*Given information:*
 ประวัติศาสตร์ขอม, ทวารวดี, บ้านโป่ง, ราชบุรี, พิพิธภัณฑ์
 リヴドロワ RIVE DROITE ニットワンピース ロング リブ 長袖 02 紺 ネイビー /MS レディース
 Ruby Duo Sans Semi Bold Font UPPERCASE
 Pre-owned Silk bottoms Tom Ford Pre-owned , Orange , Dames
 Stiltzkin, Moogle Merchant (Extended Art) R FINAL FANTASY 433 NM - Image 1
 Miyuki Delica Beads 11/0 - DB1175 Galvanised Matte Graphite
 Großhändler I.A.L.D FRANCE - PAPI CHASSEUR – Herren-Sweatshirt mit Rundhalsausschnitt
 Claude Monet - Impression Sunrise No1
--
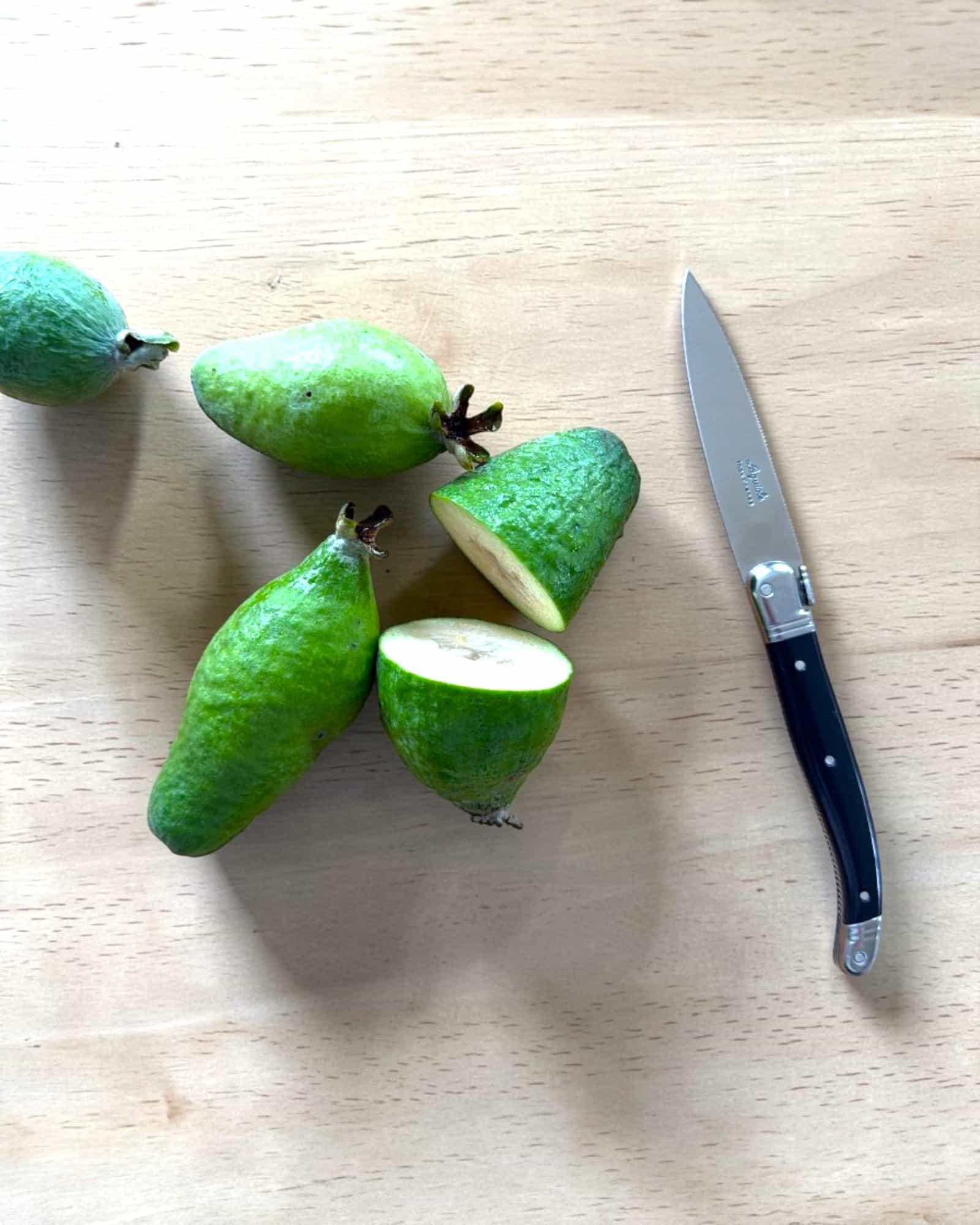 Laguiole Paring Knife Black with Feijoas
==
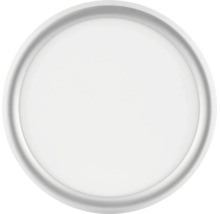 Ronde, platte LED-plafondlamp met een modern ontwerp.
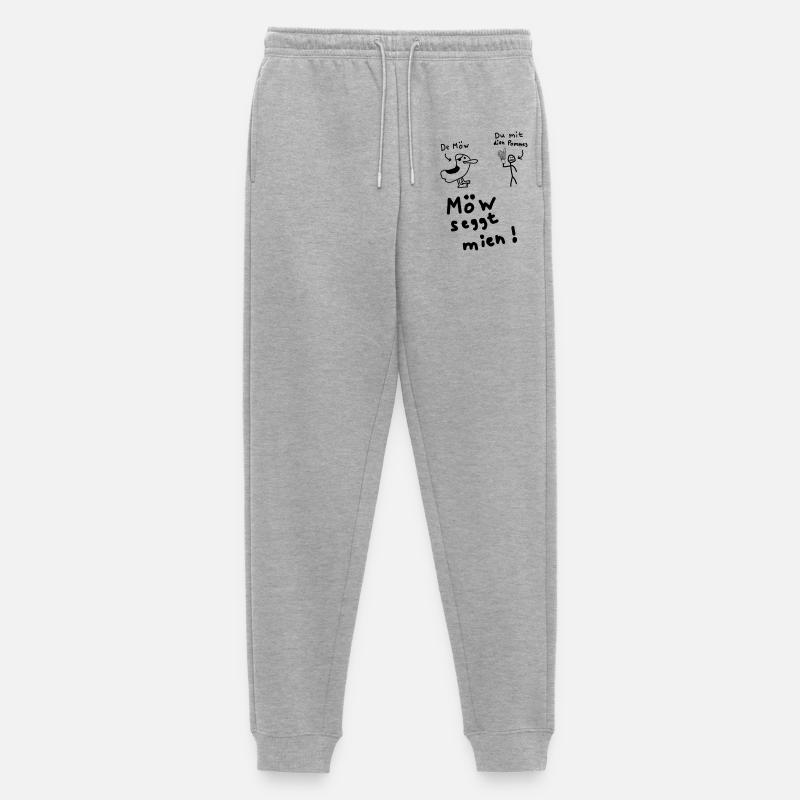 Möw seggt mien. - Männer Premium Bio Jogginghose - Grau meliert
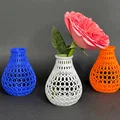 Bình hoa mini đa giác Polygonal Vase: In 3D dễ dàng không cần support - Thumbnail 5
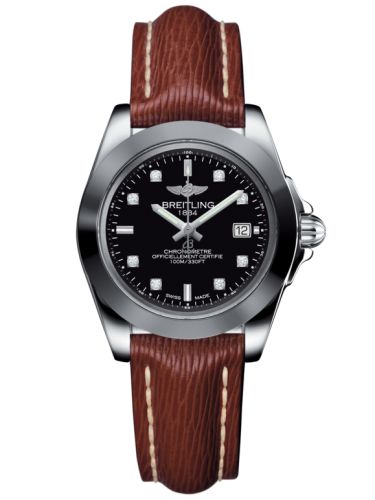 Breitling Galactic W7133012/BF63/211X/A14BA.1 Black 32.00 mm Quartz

*Problem requirements:* Return, word for word, the lines of the data above from the line with "Pre-owned Silk bottoms" through the line with "Claude Monet - Impression Sunrise No1", inclusive.

*Solution:*
 Pre-owned Silk bottoms Tom Ford Pre-owned , Orange , Dames
 Stiltzkin, Moogle Merchant (Extended Art) R FINAL FANTASY 433 NM - Image 1
 Miyuki Delica Beads 11/0 - DB1175 Galvanised Matte Graphite
 Großhändler I.A.L.D FRANCE - PAPI CHASSEUR – Herren-Sweatshirt mit Rundhalsausschnitt
 Claude Monet - Impression Sunrise No1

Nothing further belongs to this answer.